● Exercise directions
Copy exactly the lines of the data below, beginning with the line with "Towel Rail Double Squared" and ending with the line with "Un niño criado". Pictures are to be omitted.

BEGIN Supplied information

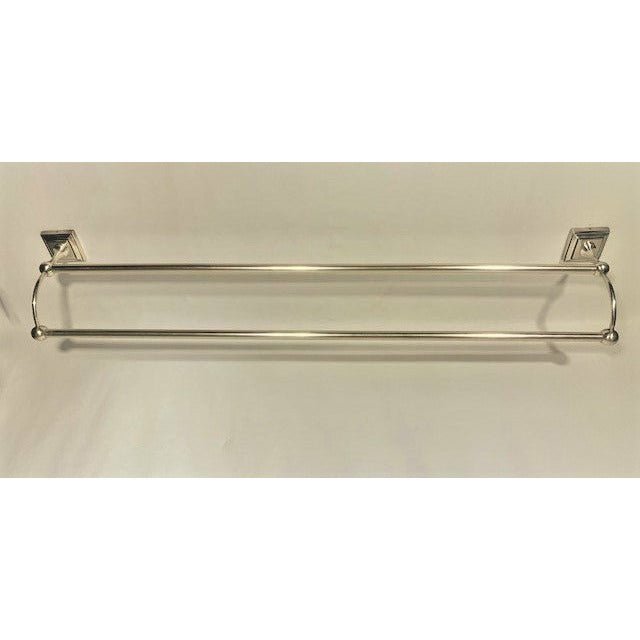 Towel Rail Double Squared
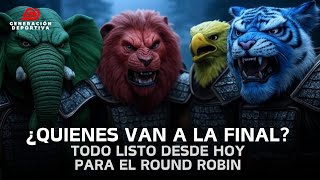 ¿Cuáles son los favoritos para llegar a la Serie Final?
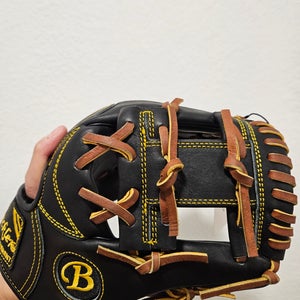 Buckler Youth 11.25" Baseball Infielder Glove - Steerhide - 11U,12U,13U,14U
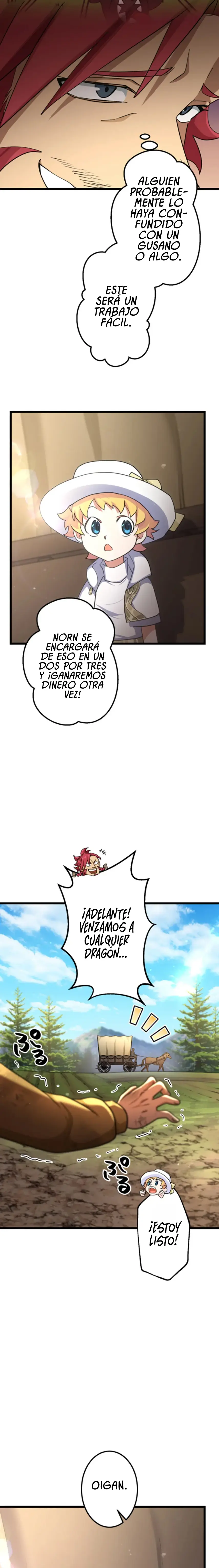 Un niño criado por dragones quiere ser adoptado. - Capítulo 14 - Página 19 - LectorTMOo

END Supplied information
BEGIN Supplied information

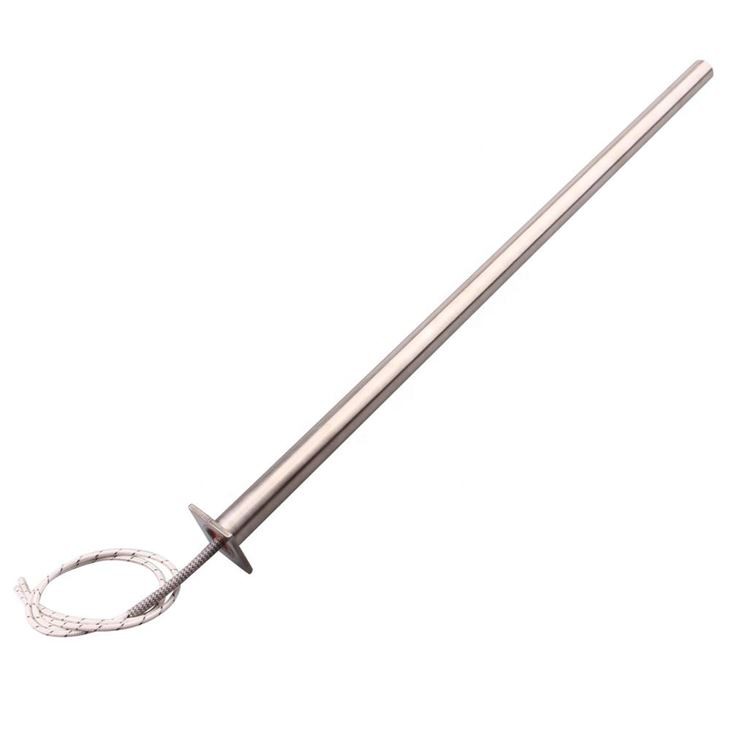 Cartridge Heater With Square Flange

END Supplied information

● Reply
 Towel Rail Double Squared
 ¿Cuáles son los favoritos para llegar a la Serie Final?
 Buckler Youth 11.25" Baseball Infielder Glove - Steerhide - 11U,12U,13U,14U
 Un niño criado por dragones quiere ser adoptado. - Capítulo 14 - Página 19 - LectorTMOo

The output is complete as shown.